José Narro Céspedes
Durante muchos años hemos luchado por lograr hacer de la alimentación un derecho, no solamente escrito en nuestra Constitución, sino un derecho real, palpable, con el cual cada mexicana y mexicano pueda acceder a alimentos sanos, nutritivos y de calidad.
Hoy no sólo se trata de una utopía por alcanzar sino de una necesidad urgente para México y para el mundo. Ante un escenario de sequía, inflación generalizada en el mundo derivada de la guerra, la alimentación es uno de los sectores que más se han puesto en riesgo en los últimos tiempos. Si no se resuelve la alimentación de miles de familias en todo el mundo, las consecuencias pueden ser desastrosas.

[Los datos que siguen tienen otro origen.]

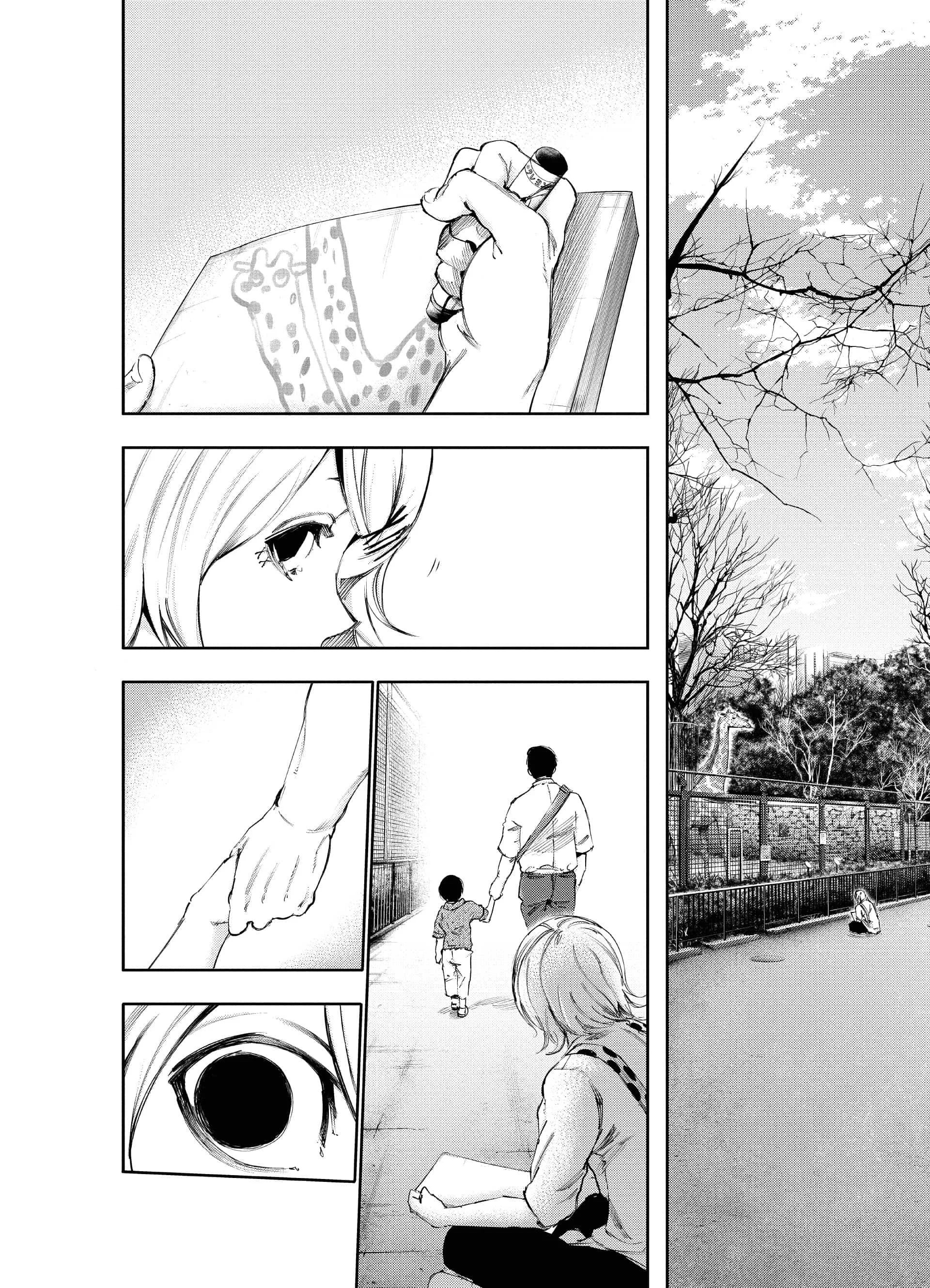 Chapter Image 186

Sobre el tema hay muchos planteamientos válidos. Incremento de la alimentación, tecnificación de los cultivos, desarrollo de nuevas tecnologías para producir de manera eficiente. Todos los anteriores son válidos, sin embargo, el más importante es el que tiene que ver con las personas que van a producir esos alimentos y sobre todo la tenencia de la tierra.

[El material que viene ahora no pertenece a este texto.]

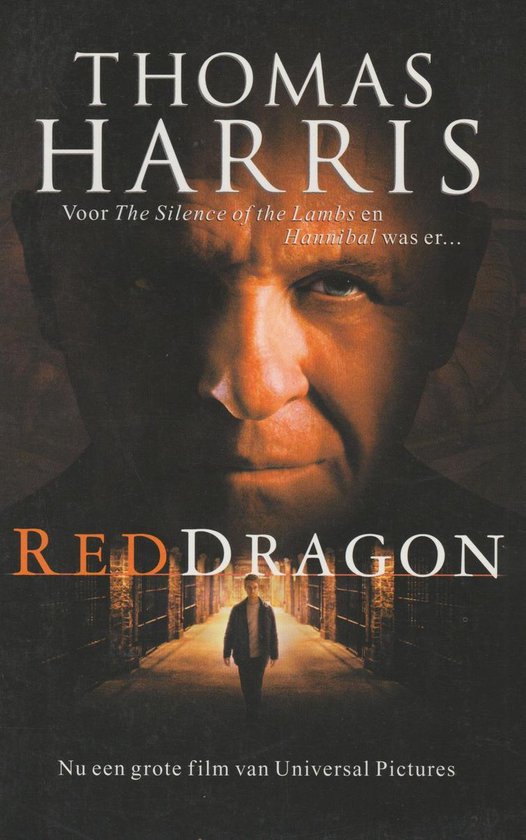 Red Dragon - t. Harris | Tiliboo-afrobeat.com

Durante el siglo XX se sentaron las bases para el desarrollo de la vida en el campo a través del reparto de tierras y la organización de la misma en ejidos y comunidades. La propiedad social de la tierra surgió como un ideal para hacer justicia a miles de personas que viven en el campo y encuentran en él su recurso más importante para vivir.

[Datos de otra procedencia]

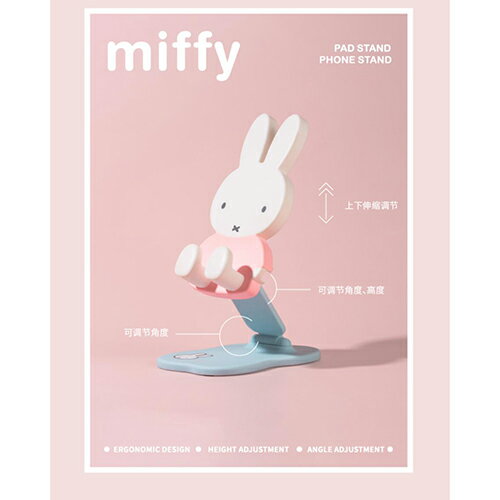 ミッフィー スウィング スマホ スタンド ブラインドボックス ボックス 1箱 20635 スマホスタンド フォンスタンド スタンド 置物 かわいい キャラクター グッズ 雑貨 ディックブルーナ Miffy PhoneStand ギフト プレゼント 輸入 MF-5606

Sin embargo a través de los años, en los anteriores gobiernos, se mantuvo en el olvido a los ejidos; la propiedad social de la tierra sólo quedó en discursos y no en un instrumento de desarrollo para las y los ejidatarios.. Las autoridades de cada ejido, hoy en día, están prácticamente desmanteladas. Las asambleas ejidales y la vida legal de cada núcleo agrario se ha limitado fundamentalmente a convertirse en inmobiliarias agrarias, dedicadas a favorecer la privatización y venta de la tierra social. Hoy necesitamos revertir esa política y fortalecer al ejido como un ente social, pero también como un ente productivo, como un sujeto para el desarrollo.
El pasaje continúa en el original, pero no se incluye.